▶ [Instructions to follow] Please give back, exactly as written, the lines from the line with "SFP+ Direct-Attach Cable" to the line with "NekoMatsuri meme Life ft.friends" in the listing below, leaving out all pictures.

▶ [Excerpted records]
....

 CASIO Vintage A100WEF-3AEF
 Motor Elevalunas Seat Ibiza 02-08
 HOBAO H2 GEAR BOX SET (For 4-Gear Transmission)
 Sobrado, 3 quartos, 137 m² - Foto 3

....

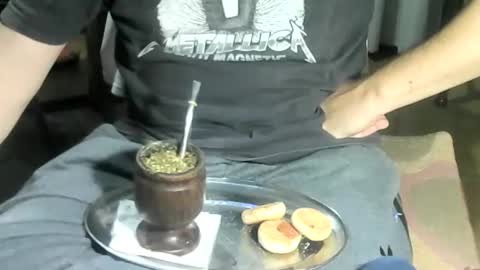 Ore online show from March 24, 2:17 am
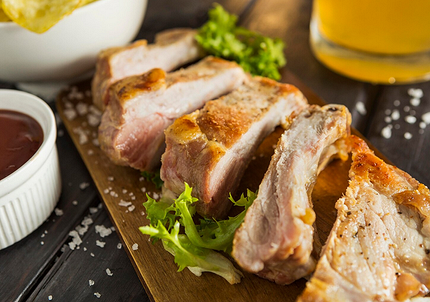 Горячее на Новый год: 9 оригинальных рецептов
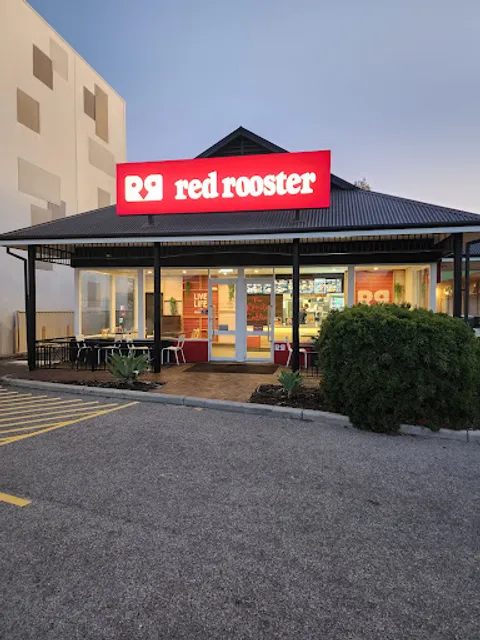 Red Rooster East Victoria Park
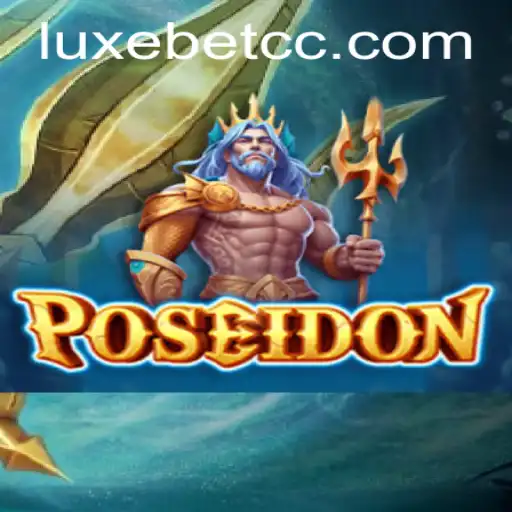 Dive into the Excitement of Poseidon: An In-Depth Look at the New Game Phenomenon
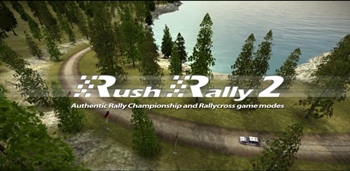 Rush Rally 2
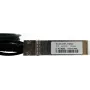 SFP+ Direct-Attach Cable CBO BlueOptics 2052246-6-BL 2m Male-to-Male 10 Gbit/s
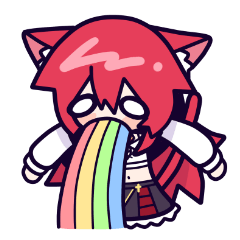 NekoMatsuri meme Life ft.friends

....

▶ [Result of this exercise]
 SFP+ Direct-Attach Cable CBO BlueOptics 2052246-6-BL 2m Male-to-Male 10 Gbit/s
 NekoMatsuri meme Life ft.friends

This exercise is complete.